PROVIDED MATERIAL
-- Opening Marker --
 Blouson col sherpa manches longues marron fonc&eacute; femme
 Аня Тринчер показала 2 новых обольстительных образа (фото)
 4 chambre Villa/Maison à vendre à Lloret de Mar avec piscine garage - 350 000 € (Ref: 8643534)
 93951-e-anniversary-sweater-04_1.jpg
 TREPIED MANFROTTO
-- Closing Marker --
-- Opening Marker --
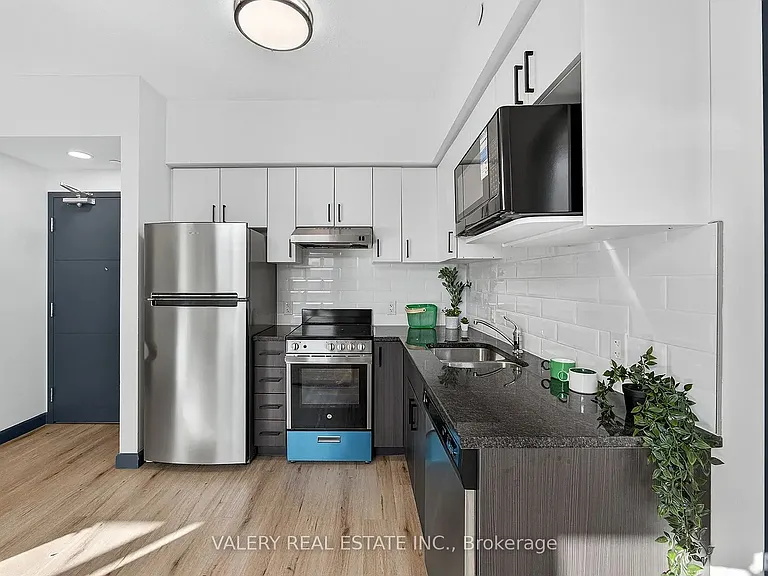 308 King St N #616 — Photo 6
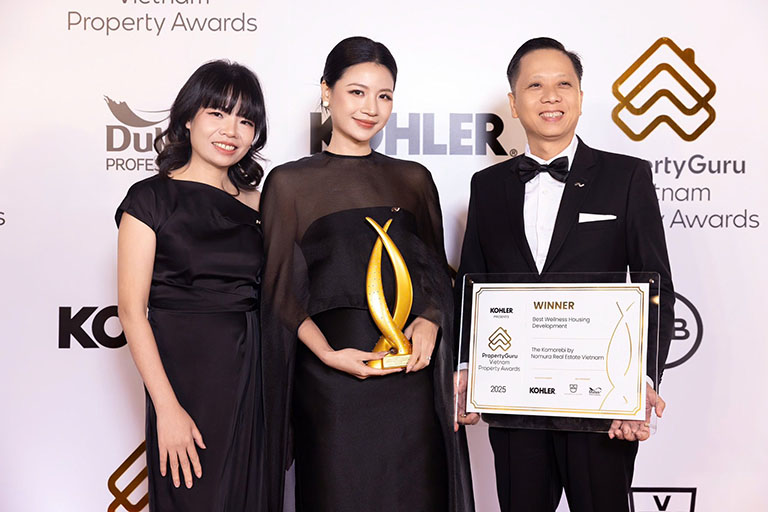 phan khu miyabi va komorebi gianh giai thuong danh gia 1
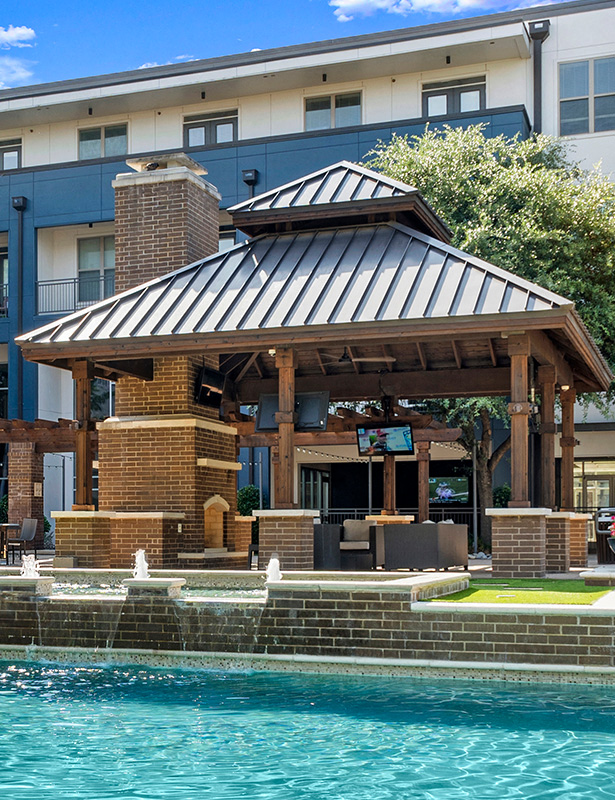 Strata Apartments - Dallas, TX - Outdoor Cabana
-- Closing Marker --
-- Opening Marker --
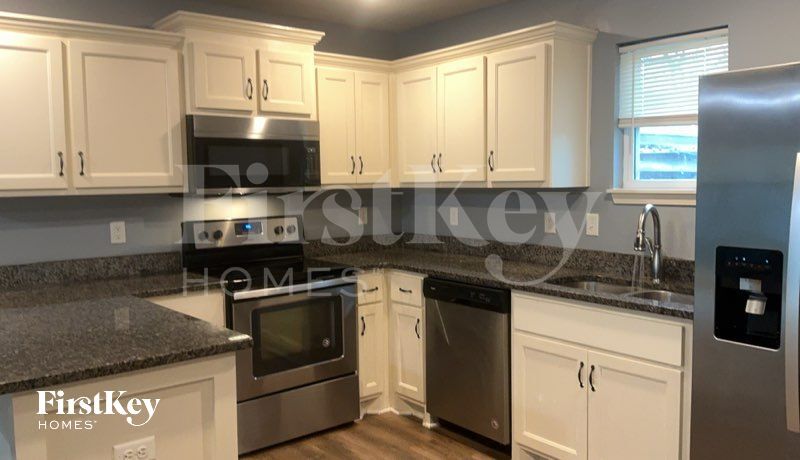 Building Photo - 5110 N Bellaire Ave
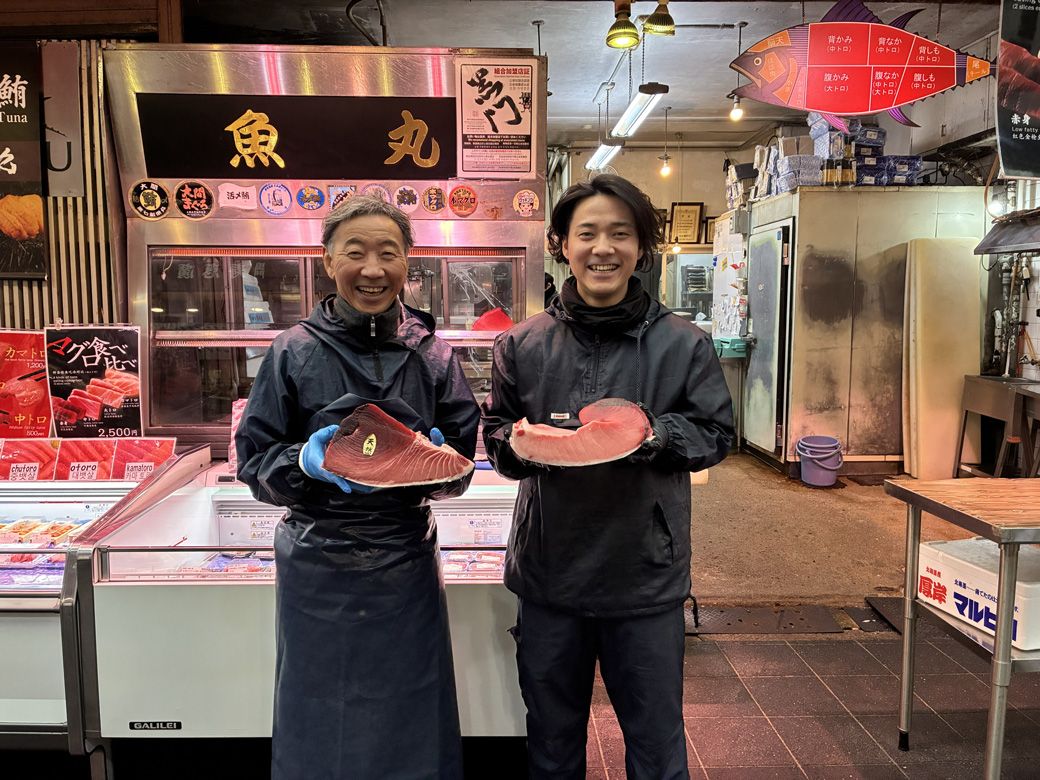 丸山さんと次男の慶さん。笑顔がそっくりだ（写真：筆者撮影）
-- Closing Marker --
Take the listing above and repeat exactly the lines from the one containing "Blouson col sherpa" through the one containing "TREPIED MANFROTTO", both included.

RESPONSE TO THE TASK
 Blouson col sherpa manches longues marron fonc&eacute; femme
 Аня Тринчер показала 2 новых обольстительных образа (фото)
 4 chambre Villa/Maison à vendre à Lloret de Mar avec piscine garage - 350 000 € (Ref: 8643534)
 93951-e-anniversary-sweater-04_1.jpg
 TREPIED MANFROTTO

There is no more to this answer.